ASSIGNED TASK | Please transcribe exactly the lines from the first line of the records below through the line containing "A person in", including both, and omit all pictures.

^^^^

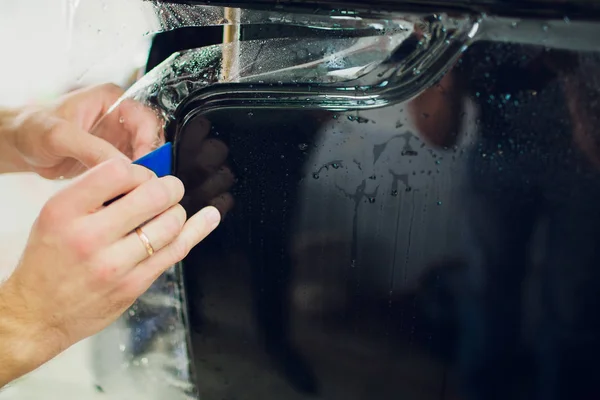 Manos de trabajador instala película de protección de pintura de coche envoltura . — Foto de Stock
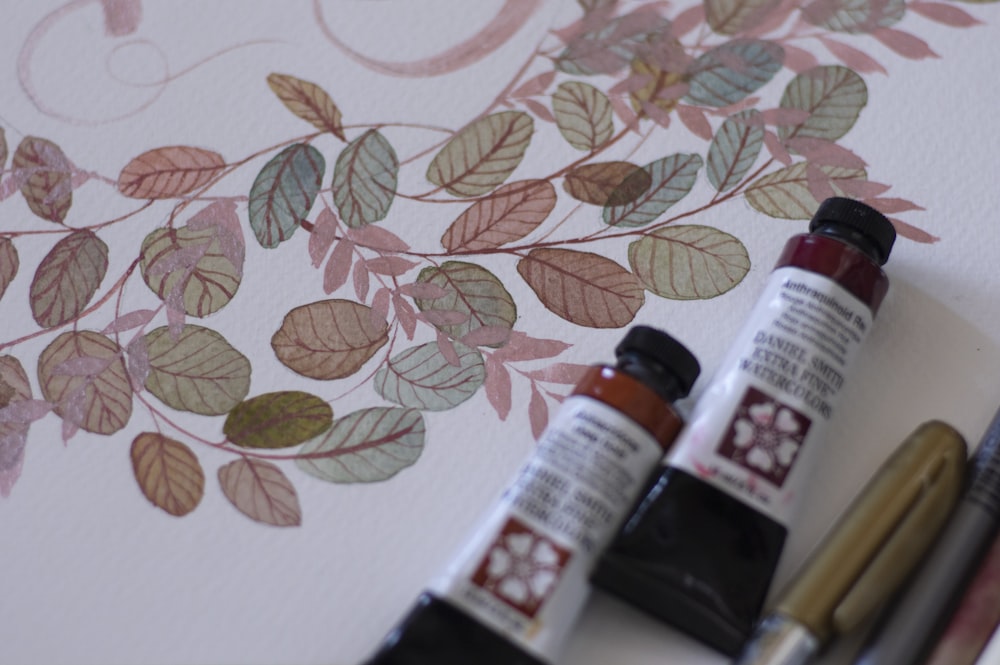 a couple of ink bottles sitting on top of a table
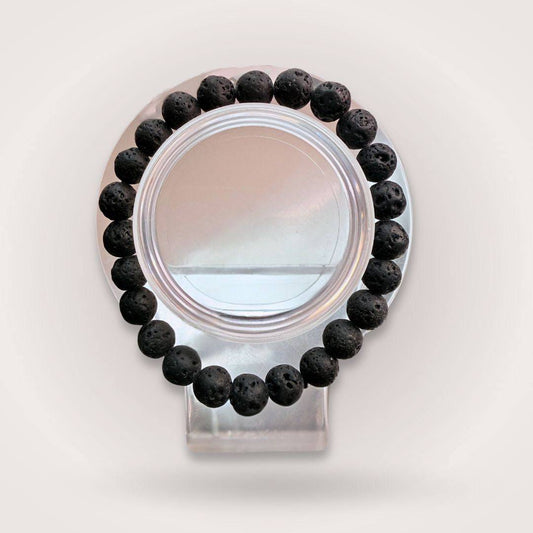 Lava Stone 8mm Beaded Bracelet - Grounding, Strength, & Resilience displayed on a clear stand, showcasing its porous black beads in a circular form.
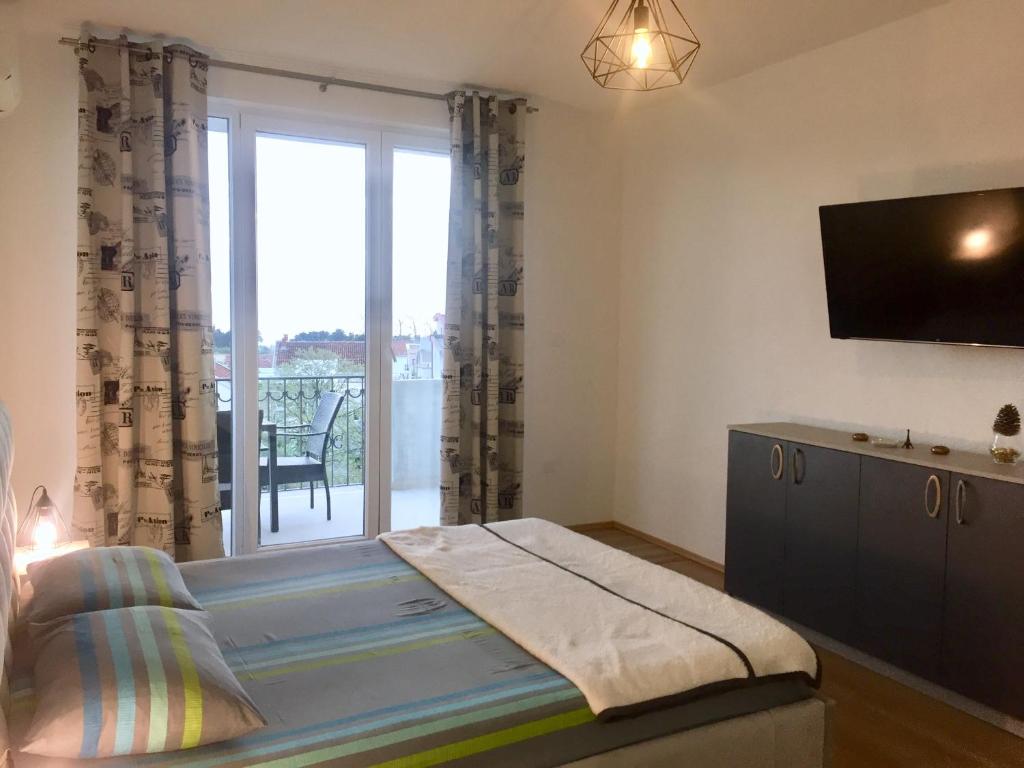 Кровать или кровати в номере Aparthotel Monterria
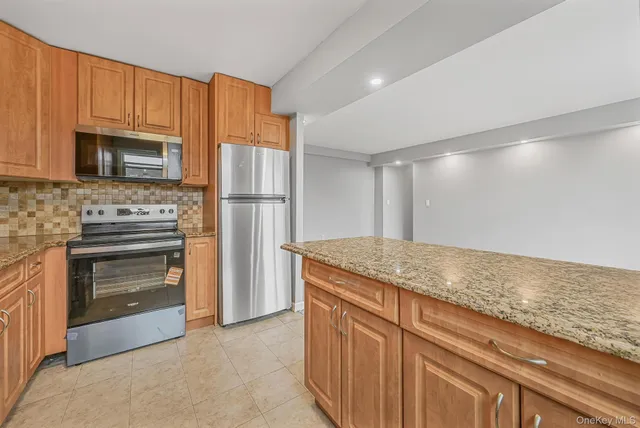 a kitchen with granite countertop cabinets stainless steel appliances and a counter space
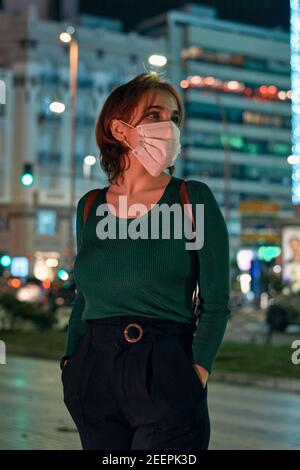 Ritratto di una giovane donna che indossa una maschera nel città di notte Foto Stock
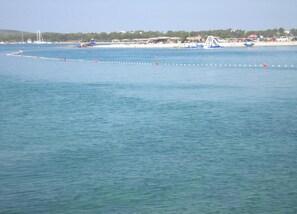 Vista sulla costa con acque calme, una spiaggia sabbiosa e alcune barche.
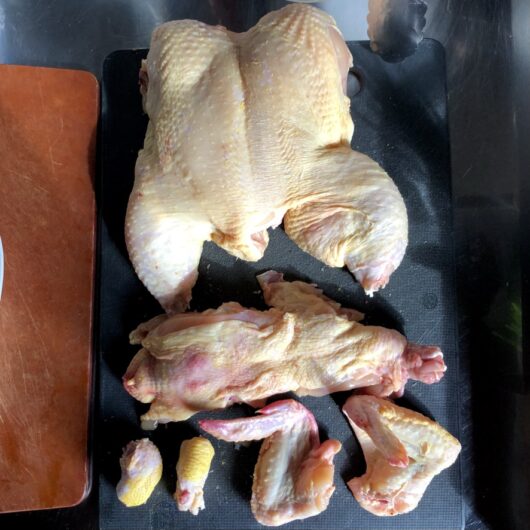 a whole chicken on a cutting board with the back, wings and tips of the legs removed and ready to be used in the stock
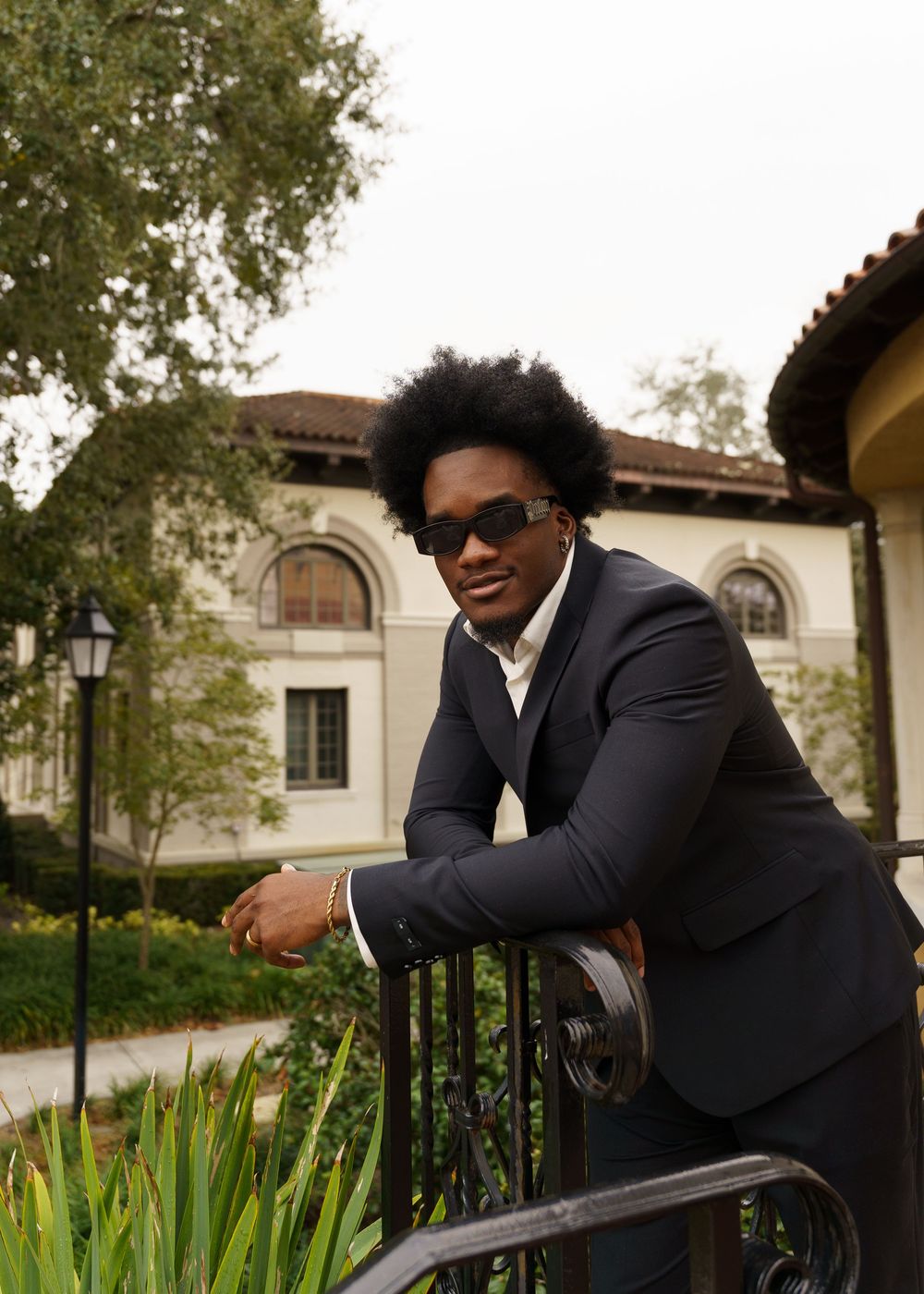 A person in a black suit leans casually against a decorative railing with landscaping and buildings visible.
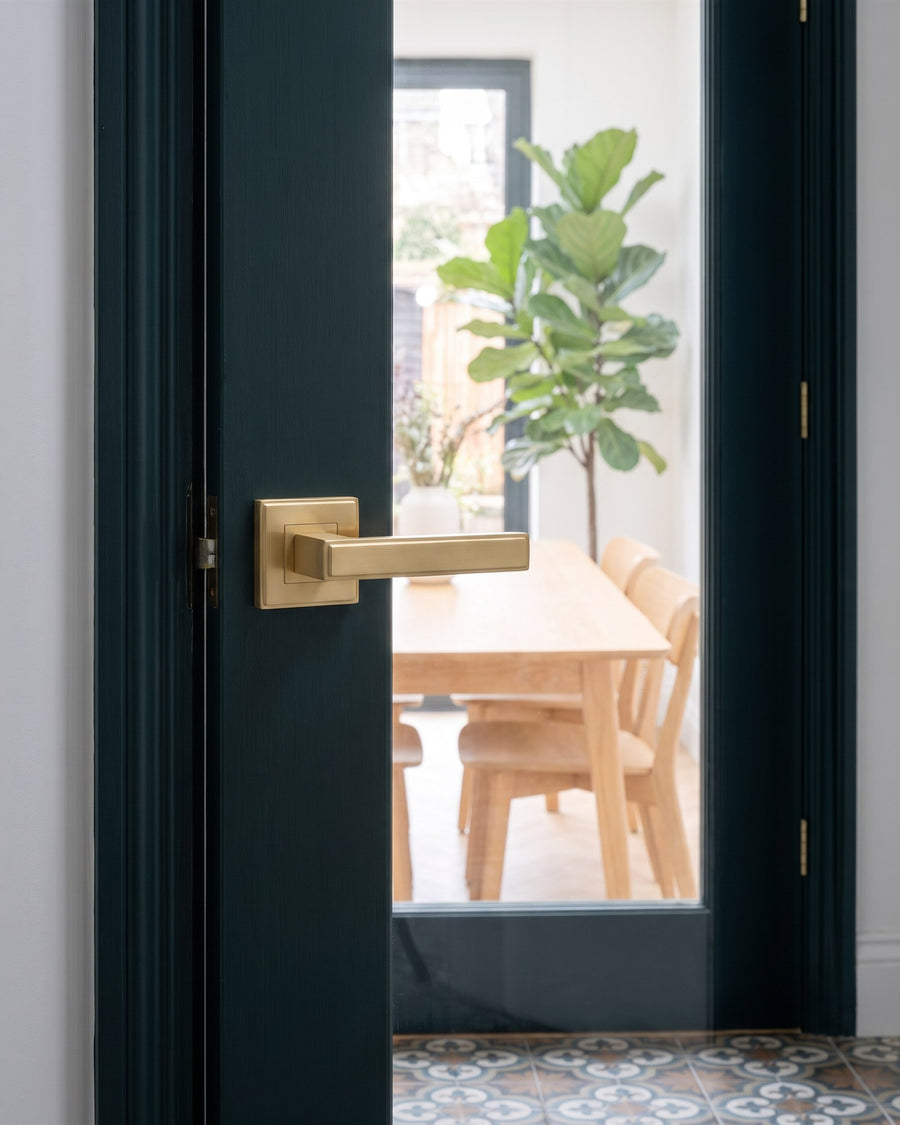 Satin brass linear lever on a square stepped rose on the narrow green stile of a glazed door into the extension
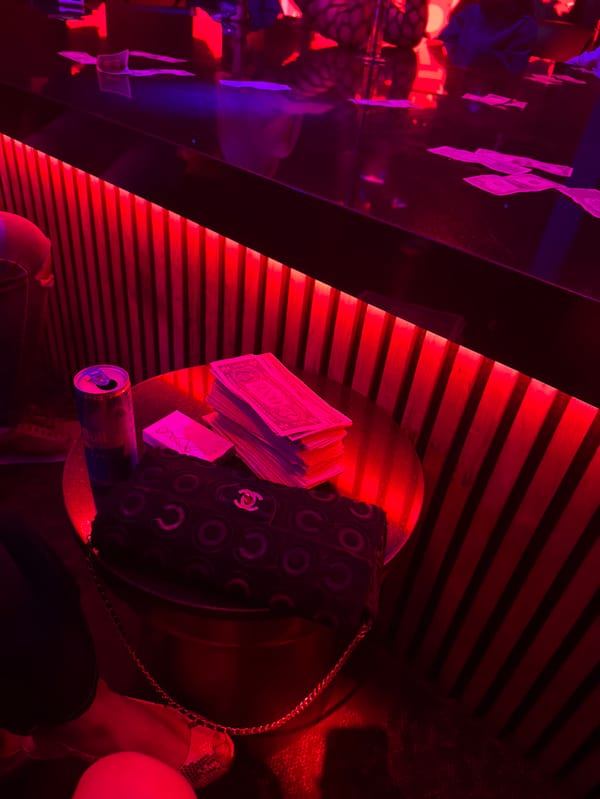 Red-lit table scene with cash, purse observed in West Hollywood
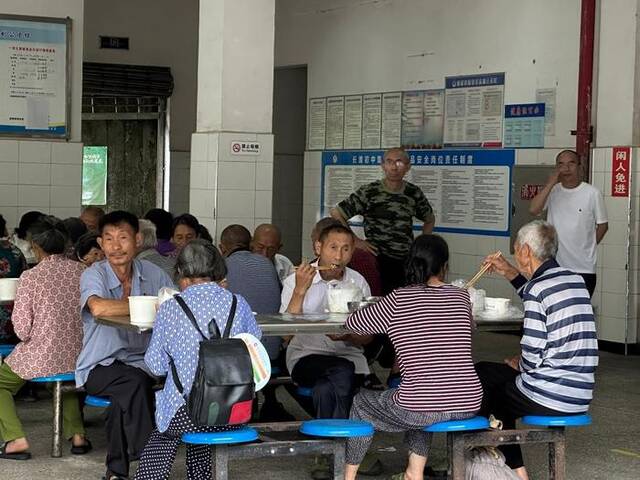 长滩初级中学安置点群众正在用午饭。新华社记者李晓婷摄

^^^^

RESPONSE |
 Manos de trabajador instala película de protección de pintura de coche envoltura . — Foto de Stock
 a couple of ink bottles sitting on top of a table
 Lava Stone 8mm Beaded Bracelet - Grounding, Strength, & Resilience displayed on a clear stand, showcasing its porous black beads in a circular form.
 Кровать или кровати в номере Aparthotel Monterria
 a kitchen with granite countertop cabinets stainless steel appliances and a counter space
 Ritratto di una giovane donna che indossa una maschera nel città di notte Foto Stock
 Vista sulla costa con acque calme, una spiaggia sabbiosa e alcune barche.
 a whole chicken on a cutting board with the back, wings and tips of the legs removed and ready to be used in the stock
 A person in a black suit leans casually against a decorative railing with landscaping and buildings visible.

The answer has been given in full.